Delay Let Virus Out of Control

Delays between the diagnosis of foot-and-mouth disease and the slaughter of infected animals have been crucial to the spread of the virus, two scientific advisers to the Government said.
The present outbreak had proved impossible to contain because it had taken an average of two to three days to organise the slaughter of infected herds, according to Mark Woolhouse, of the University of Edinburgh, and Alex Donaldson, head of the Institute for Animal Health in Pirbright, Surrey.
Such a long interval between diagnosis and slaughter had given the virus unnecessary opportunities to infect nearby herds, and had contributed greatly to the course and extent of the outbreak, the scientists wrote in the journal Nature. By contrast, during an outbreak in Denmark in 1982, infected herds were slaughtered an average of 15 hours after they were confirmed with the virus. As a result, the epidemic was contained after just 22 cases.
Another major problem has been that many infected animals, particularly sheep, had not been found to have the disease because symptoms had been missed, the researchers said. That had led to further delays in the slaughter of livestock that could transmit the virus and underlined the need for a new diagnostic test for the disease.
‘A research priority is to develop a cheap, rapid pen-side diagnostic test for detecting FMD virus in the absence of clinical signs,’ the two scientists said.

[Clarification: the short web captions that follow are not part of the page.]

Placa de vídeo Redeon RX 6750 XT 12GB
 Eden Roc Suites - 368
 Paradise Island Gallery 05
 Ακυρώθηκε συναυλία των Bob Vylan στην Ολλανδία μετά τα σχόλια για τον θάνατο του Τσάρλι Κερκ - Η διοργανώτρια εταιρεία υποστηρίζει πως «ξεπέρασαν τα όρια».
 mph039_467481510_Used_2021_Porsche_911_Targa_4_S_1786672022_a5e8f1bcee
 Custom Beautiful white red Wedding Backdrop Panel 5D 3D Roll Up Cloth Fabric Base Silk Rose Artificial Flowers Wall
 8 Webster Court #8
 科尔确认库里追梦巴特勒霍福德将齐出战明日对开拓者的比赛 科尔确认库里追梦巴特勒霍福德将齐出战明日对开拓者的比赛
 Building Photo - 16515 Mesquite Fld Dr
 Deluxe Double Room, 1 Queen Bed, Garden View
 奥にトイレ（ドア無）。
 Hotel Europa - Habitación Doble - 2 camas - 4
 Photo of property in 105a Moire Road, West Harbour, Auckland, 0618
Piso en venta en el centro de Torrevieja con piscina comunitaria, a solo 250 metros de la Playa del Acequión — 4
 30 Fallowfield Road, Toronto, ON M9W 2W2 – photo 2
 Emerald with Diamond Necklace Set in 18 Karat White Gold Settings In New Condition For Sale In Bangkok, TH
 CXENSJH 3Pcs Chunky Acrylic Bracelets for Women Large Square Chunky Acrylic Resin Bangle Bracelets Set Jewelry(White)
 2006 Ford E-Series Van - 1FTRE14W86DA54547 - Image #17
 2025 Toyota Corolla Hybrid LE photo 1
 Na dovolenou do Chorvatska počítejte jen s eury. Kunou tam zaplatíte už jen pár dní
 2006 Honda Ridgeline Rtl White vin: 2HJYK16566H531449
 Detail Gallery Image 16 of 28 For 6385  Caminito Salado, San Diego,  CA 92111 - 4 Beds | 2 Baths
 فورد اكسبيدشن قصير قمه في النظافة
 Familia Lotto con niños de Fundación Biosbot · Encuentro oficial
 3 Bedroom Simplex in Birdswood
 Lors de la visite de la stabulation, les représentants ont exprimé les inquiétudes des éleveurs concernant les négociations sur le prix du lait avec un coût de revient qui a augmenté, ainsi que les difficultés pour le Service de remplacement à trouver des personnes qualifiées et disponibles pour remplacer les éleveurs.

Since movement controls were imposed on livestock on February 23, transmission of the disease has been confined almost completely to local spread over short distances, leading to the clusters that have been seen in Cumbria and Devon.
The outbreak, however, remained ‘out of control’ because each new case was causing an average of more than one subsequent outbreak. Only once that ratio was reversed, so that each case produced less than one new case, could the disease be said to be contained.